Correctness: The claim of "subcase mixture is an important factor for a smooth and fast learning process" (in reference to Fig3) is not substantiated. All the data indicates is that the curriculum selection strategy leads to this subcase mixture, and it fails to actually support your claim. There is another claim on line 109 that "the main focus of AI planning is on solving previously unsolved problems in reasonable time limit instead of accelerating solving easy instances". This is very much not the case -- particularly with planning-in-the-loop systems being a main source of planner usage, I would venture to say that the claim actually has things reversed. The planning techniques that would be used for solving a problem at any cost are very different than the default ones you will find, for precisely the reason why this claim doesn't hold: planners are designed to solve a certain level of difficulty as quickly as possible with good quality solutions. Here, quickly usually refers to fractions of a second to an hour at most. I believe there is an error in the definition of the curriculum learning setup -- the update rule should take the reward into account rather than the success on the current instance.

Clarity: It wasn't immediately clear how the bandit approach was coping with the naturally shifting distribution of the problems it is selecting from. This only became clear after going through the supplementary, but ultimately there is far too little information provided in the paper on this aspect of the work. Both from a rhetorical point of view, and an evaluation point of view. Generally, I think there is not nearly enough detail about what is unique in this work compared to [11]. I have to admit that I was unaware of [11] (it's only scheduled to appear at a conference in the new year), but looking through that work demonstrates how many things are similar. The elements that are unique to this paper should be elaborated on, and this can be done at the expense of the elements common to [11].

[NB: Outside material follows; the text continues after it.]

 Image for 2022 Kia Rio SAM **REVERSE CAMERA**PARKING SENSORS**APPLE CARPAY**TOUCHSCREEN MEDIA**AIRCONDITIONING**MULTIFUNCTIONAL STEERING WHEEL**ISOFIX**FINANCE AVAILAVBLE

Relation to Prior Work: The relation to [11] is stronger than one would guess by reading the paper. The setup is extremely similar, and the core difference claimed in curriculum strategy isn't experimentally evaluated. As far as I can see, the BL selects problems uniformly. This is an ok baseline, but it fails to capture the nature of increased difficulty from [11]. Figure 3 only demonstrates the nature of how the selection strategy evolves; demonstrating that it is seemingly different than that of [11]. It doesn't establish that the new selection strategy is better. Also, claims that the strategy from [11] is "hand tailored" seem a bit extreme -- it is a general approach that gradually increases the difficulty. It feels a bit odd that the authors didn't try to employ an ExIt / AlphaZero style of approach with the setup being so close to it already. There is an argument given the paper that those approaches require the signal from game wins in a 2-player setting, but the broader framework can certainly apply here: having an apprentice policy trained on an MCTS (using an older version of the policy), and then swapping the MCTS policy for the newly trained one to iterate. Finally, I am not entirely familiar with the curriculum based learning (both in the RL sense and in the education sense), but it strikes me as a natural strategy to select problems on the threshold of being solvable (or not) by the target learner. Given that this is a central aspect of this paper, some contrast there (or a claim to the novelty of it) seems warranted.

Reproducibility: Yes

Additional Feedback: My strongest suggestion would be to either (1) scale back the claims (in the title, abstract, and text) to match the content of the contribution -- something tailored for the setting of sokoban; or (2) expand on the work to fully explore the hypothesis surrounding the solvability threshold in curriculum learning and demonstrate this on a variety of planning domains. Aside from the questions raised in other parts of this review, there are two further aspects I was curious about: How would you expect this to work in out-of-distribution problems? There are many ways to pose a problem, and I can imagine, for example, only having training data that deals with a single room, and testing data that uses multiple rooms. Do you think that the subproblem creation scheme devised for sokoban naturally guards against this by providing a wide distribution in the curriculum? There is an underlying hypothesis that (1) the introduced sampling mechanism selects problems that are on edge of being solved by the MCTS; and (2) these are the best problems to select for a training regime. Have you explored this hypothesis directly? You can invest the resources to get a sample-based sense of what the true solvability likelihood would be for each problem, given a fixed policy, and then use that "oracle" information to explore both points above.

Review 2

Summary and Contributions: This paper proposes a curriculum learning method to select training instances for RL agent. The paper focuses on the Sokoban tasks. It further generates a number of sub-tasks from each task by sub-sample a subset of boxes/goals and form a pool of tasks. During each iteration, it samples a subset of tasks that are at the frontier of learning which are not too hard or too easy to the current agent by a bandit algorithm, and then train the agent to finish each selected task. The agent adopts a Monte-Carlo tree search strategy to find a successful trajectory and use it to update its policy/value networks. The paper also proposes to use graph neural nets to extract features, add curiosity reward to encourage exploration, and mix extra tasks together with the sub-tasks to form a more diverse pool of tasks. In experiments, they show the proposed bag of strategies can solve more Sokoban instances in shorter time.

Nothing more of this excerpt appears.